- Present
sandengine
Demo notes:
- Mobile input only available for basic actions such as placing pixels
- Performance on especially larger worlds is worse on web builds due to less performance optimizations and no multithreading support
There are native builds created by the CI for each release on the releases page that have better performance than the web demo.
Overview
Sandengine is a falling sand simulation/game created in the Rust and using the Bevy game engine. The project aims to integrate traditional rigid body physics with the cellular automaton model of falling sand. This will allow for complex interactions between particles, such as bouncing off each other or being pushed around by external forces like gravity.
Current State
The engine is currently split into three modules:
-
Falling Sand Simulation: Handles the simulation of individual cell behaviors and interactions. This system uses a cellular automaton model to simulate sand, water, and other materials falling under gravity.
-
Physics Engine: Integration with the rapier physics library for rigid body dynamics. The physics engine runs on its own and for now handles spawning in objects from outside the simulation such as boxes or a player controller.
-
Particle Simulation: A basic particle system which is used for cells that are displaced by physics objects in order to search for empty locations.
There is 2-way interaction between these modules:
- Colliders in the physics engine are created for the falling sand simulation’s terrain, which allows the rigid bodies to collide and bounce off of the terrain.
- The rigid-bodies keep track of what cells they occupy and inform the cellular automata simulation each frame to prevent cells from falling into the body.
- Rigid-bodies with significant enough force can displace cells, turinging them into particles and allowing the rigid-body to move through cells.
Performance
A big part of the challenge with this project is with the goal to make it performant. With more features and a larger world size, the simulation will become increasingly complex and performance will degrade quickly.
To mitigate this, I’ve implemented several optimizations:
Falling Sand Simulation Optimizations
The falling sand “world” is managed separately from the Bevy engine’s gameplay loop in order to more efficently manage the data structures used for simulation. The world is split into multiple chunks in order to update the simulation only on a per-chunk basis, reducing the number of particles that need to be processed at once and allowing for parallelization.
Dirty Rectangles
Another trick to achieve more performance (and this has given the most performance of any single optimization) is to utilize “dirty rectanlges” where only the part of the chunk that changed last frame should be checked for updates, rather than checking every particle in the entire chunk each frame. This reduces the number of particles that need to be processed by a large amount and allows for more efficient processing even without multithreading. For example in my (crude) performance profiling this opimization alone reduced the time spent updating sand from 330us to 35us (~9.4 times improvement) when there is no sand being updated anywhere, as the simulation can check then skip every chunk.

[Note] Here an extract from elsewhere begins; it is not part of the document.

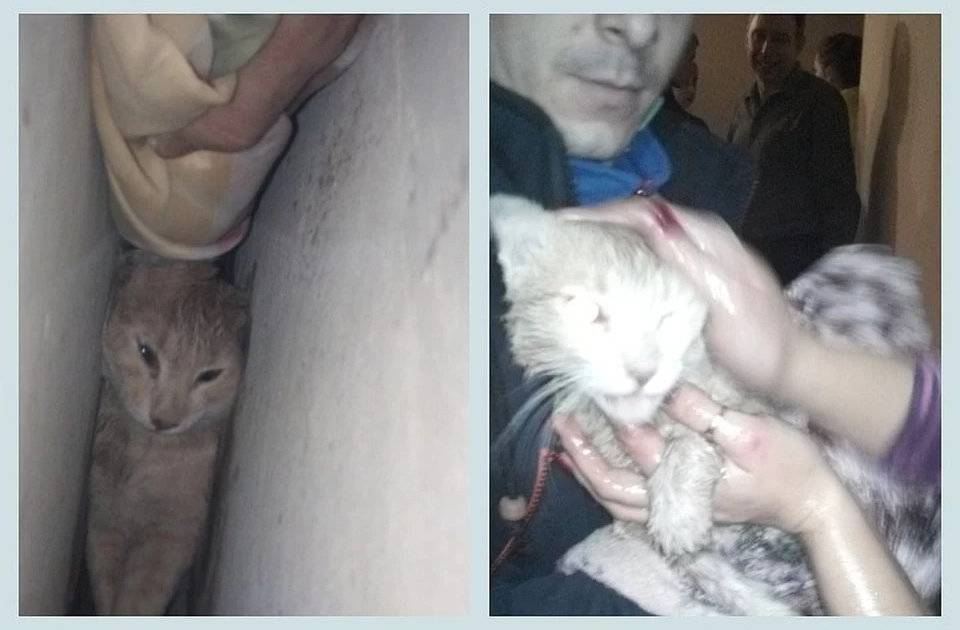 “Кричал, как ребенок”: кота чудом спасли благодаря смекалке волонтеров - readovka.news - Красноярск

- Rendering is also chunked, with each chunk having it’s own image that the cell data is pushed to. These are also not updated if there were no changes to the simulation data within the chunk.
Image of the program running with the chunk debug rendering mode enabled: The grey outline indicate chunk boundaries while the green boundaries are the processing dirty rectangles for each chunk
Multithreading
Using task pools provided by the game engine, we can concurrently process large amounts of chunks at a time. On larger worlds this speeds up the cell processing significantly if many chunks need updating. A task pool is also used when generating the colliders for each chunk’s terrain if needed which can help if multiple chunks need colliders regenerated. Multithreading is accomplished by updating the world in a “checkerboard” pattern with four iterations per update frame. This keeps adjacent chunks from updating in the same iteration on different frames.
- This technique is explained in the Noita GDC Talk
- In Rust, we need to use unsafe in order to split the chunk’s worlds across multiple threads so that they can move cells between chunks.
- This is accomplished using the UnsafeCell container.
- Although unsafe is used, we know that cells will not be accessed at the same time because the cellular automata cannot move fully across a chunk in one iteration.